A girl lays a rose at the Cenotaph outside City Hall on Wednesday during a vigil for the women murdered 28 years ago at Montreal’s École Polytechnique. Photo: Tyler Harper

Nelson remembers victims of gender violence

The B.C. government announced $112,280 in additional funding to local women organizations

The 14 women who were murdered 28 years ago at Montreal’s École Polytechnique were remembered at a vigil outside City Hall on Wednesday.

City counciller Valerie Warmington and elder Donna Wright led the ceremony, which is held every year on the National Day for Remembrance and Action on Violence Against Women.

Following the vigil, the provincial government announced Thursday that $112,280 would be given to women and children organizations in Nelson, Creston, Salmo and Kaslo.

The money, which adds to the $851,432 in annual funding the organizations already receive, will go toward reducing waitlists and meeting demand for services such as counselling, outreach and crisis support.

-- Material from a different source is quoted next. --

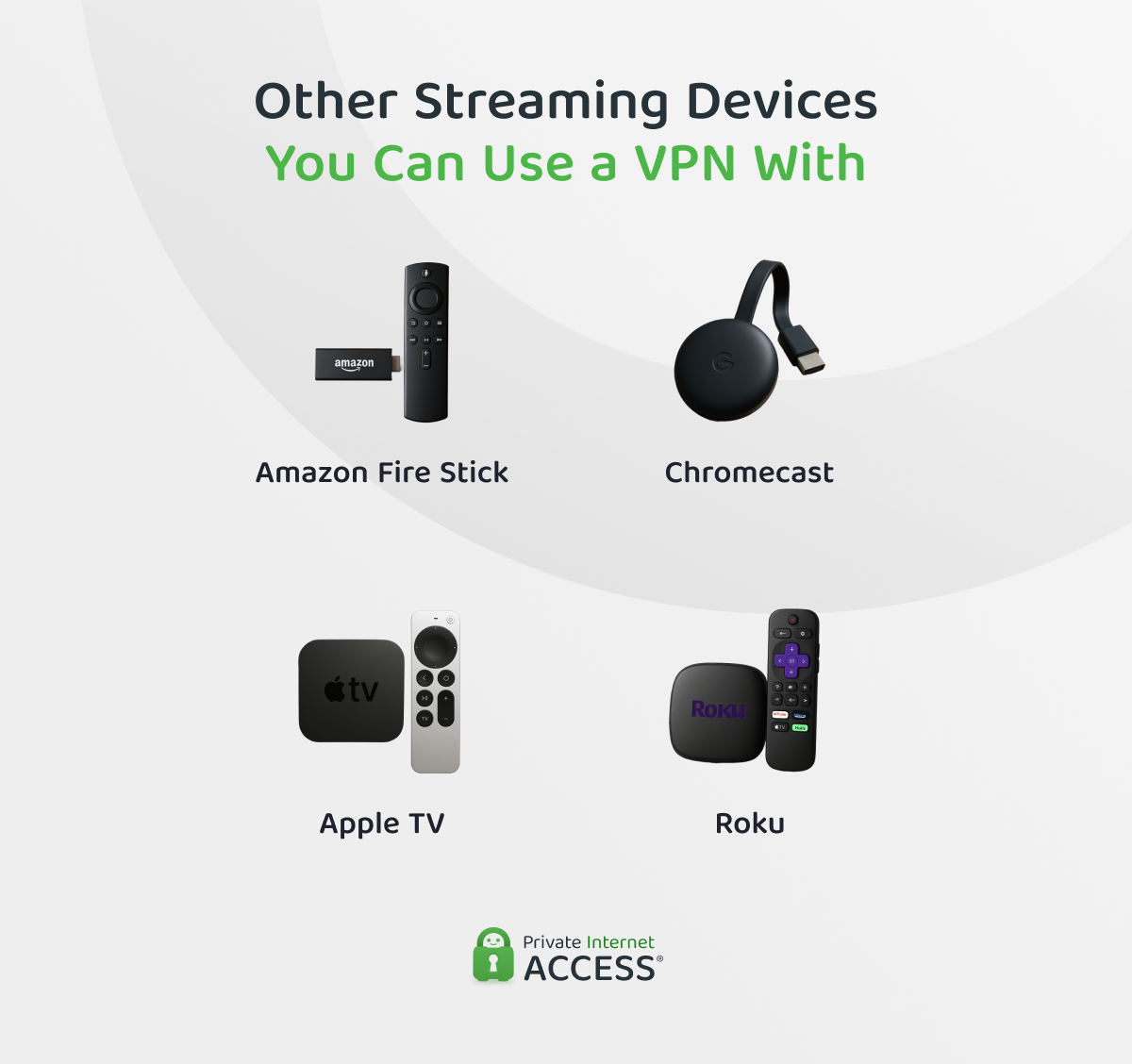 PIA VPN-branded infographic showing 4 streaming devices you can use a VPN with: Fire Stick, Chromecast, Apple TV, and Roku.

“Violence against women hurts everyone and has long-term effects on families and in our communities,” said Nelson-Creston MLA Michelle Mungall in a statement.

“For too long organizations like Nelson CARES, North Kootenay Lake Community Service Society, Creston Valley Community Services Society and Salmo Community Services Society have worked tirelessly to support victims of violence without the needed resources. This funding will significantly enhance supports for women and children affected by violence in our communities.”

The total provincial investment is $5 million.

The names of the women murdered in Montreal are:

Geneviève Bergeron; Hélène Colgan; Nathalie Croteau; Barbara Daigneault; Anne-Marie Edward; Maud Haviernick; Maryse Laganière; Maryse Leclair; Anne-Marie Lemay; Sonia Pelletier; Michèle Richard; Annie St-Arneault; Annie Turcotte; and Barbara Klucznik-Widajewicz.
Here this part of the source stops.